Menezes v. WL ROSS & CO. LLC

709 S.E.2d 114, 392 S.C. 584, 2011 S.C. App. LEXIS 55
CourtCourt of Appeals of South Carolina
DecidedMarch 23, 2011
Docket4810
StatusPublished
Cited by4 cases

This text of 709 S.E.2d 114 (Menezes v. WL ROSS & CO. LLC) is published on Counsel Stack Legal Research, covering Court of Appeals of South Carolina primary law. Counsel Stack provides free access to over 12 million legal documents including statutes, case law, regulations, and constitutions.

Bluebook
Menezes v. WL ROSS & CO. LLC, 709 S.E.2d 114, 392 S.C. 584, 2011 S.C. App. LEXIS 55 (S.C. Ct. App. 2011).

Opinions

KONDUROS, J.

W.L. Ross & Co., LLC (WLR) and several of its board members (Appellants)1 appeal the circuit court’s striking of two of their defenses and dismissal of their counterclaim in the direct shareholder lawsuit filed by Brian Menezes.
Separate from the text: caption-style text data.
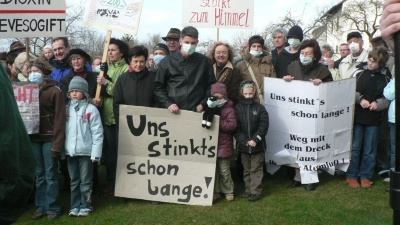 Anfang April 2008 demonstrierten Anwohner gegen Geruch und Lärm. Mit Plakaten, Mundschutz und Gasmasken brachten die Bürger ihren Protest gegen das Fränkische Metallhüttenwerk zum Ausdruck. (Archivbild: Frank Lauer)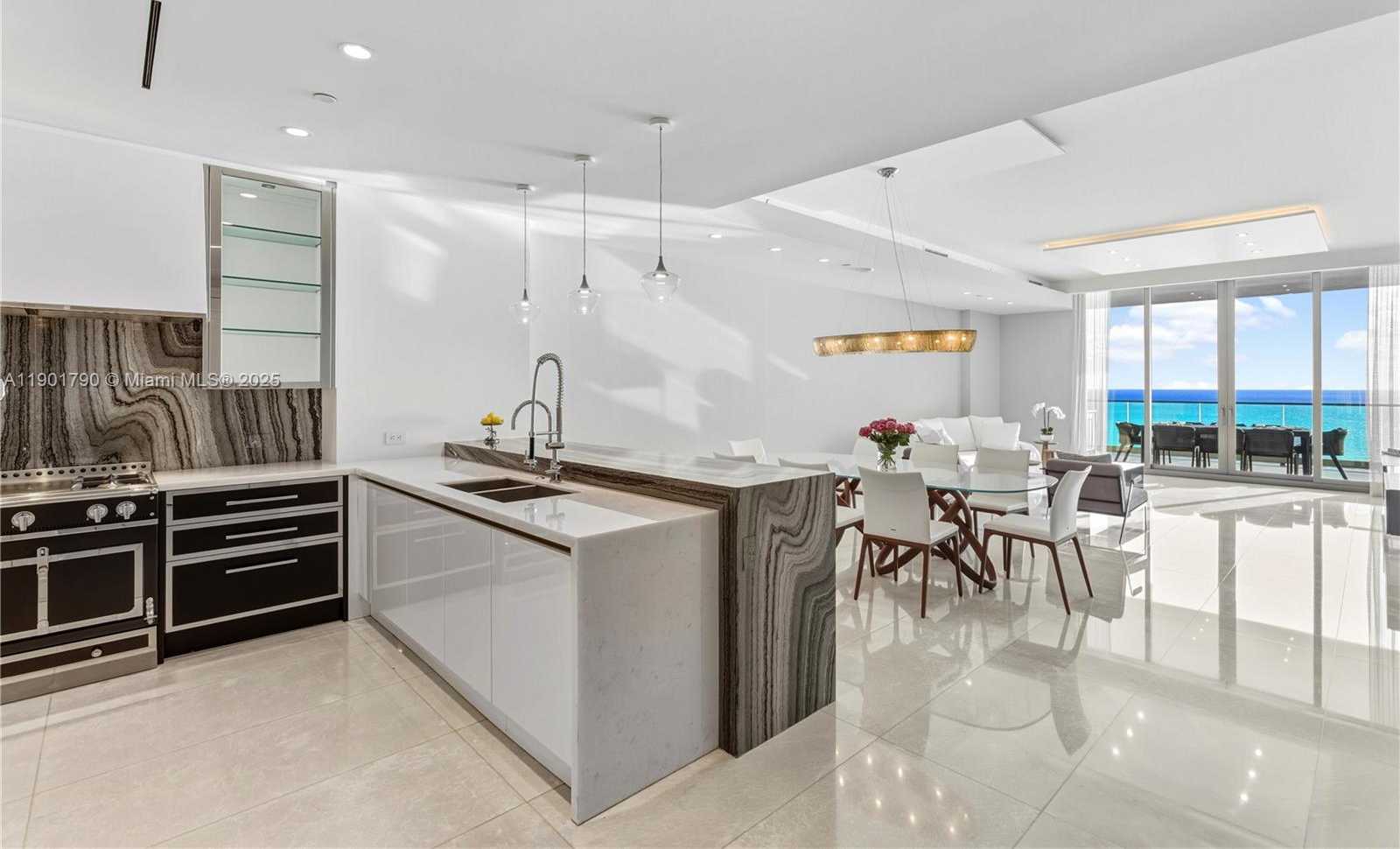 Imagen de Pequeño Objeto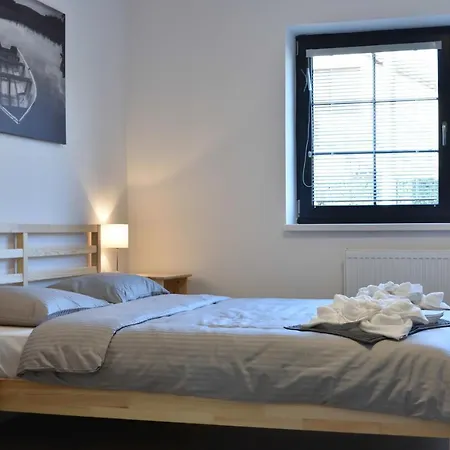 U Letiste * Pardubice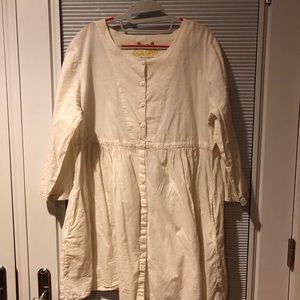 EUC ivory organic cotton blouse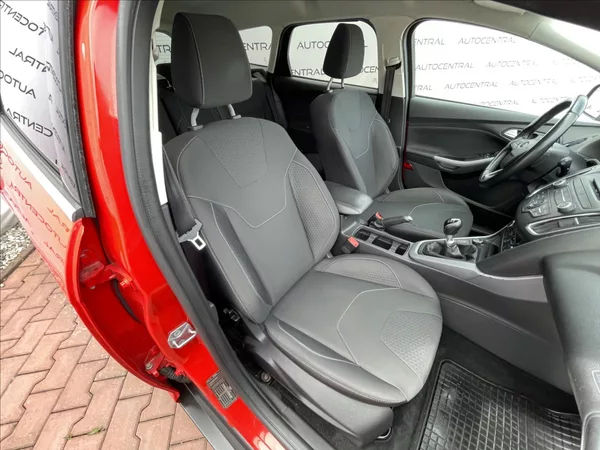 Ford Focus 1,0 i,92kW,ČR,DPH - foto 21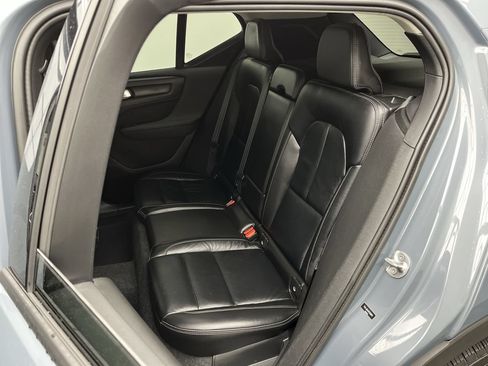 Used 2023 Volvo XC40 B5 Core AWD/4WD image 11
We reverse and remand.

FACTS/PROCEDURAL BACKGROUND

Safety Components International, Inc. (SCI) was a publicly traded Delaware corporation with its headquarters in South [586]*586Carolina. SCI was in the business of designing and manufacturing airbag fabric and airbag cushions. From 1999 to 2006, Menezes was employed by SCI as Chief Financial Officer, and for a time, interim Chief Executive Officer. He was terminated from his employment with SCI in June of 2006 but remained a shareholder. Menezes sued SCI to recover additional severance pay he alleged he was due and a “change of control” bonus included in his employment contract.

While Menezes’s employment lawsuit was proceeding, SCI entered into discussions with the former International Textile Group, Inc. (FITG), a privately held Delaware corporation headquartered in North Carolina, about a possible merger.2 WLR, an investment firm, owned shares in both SCI and FITG, either directly or indirectly through affiliate entities.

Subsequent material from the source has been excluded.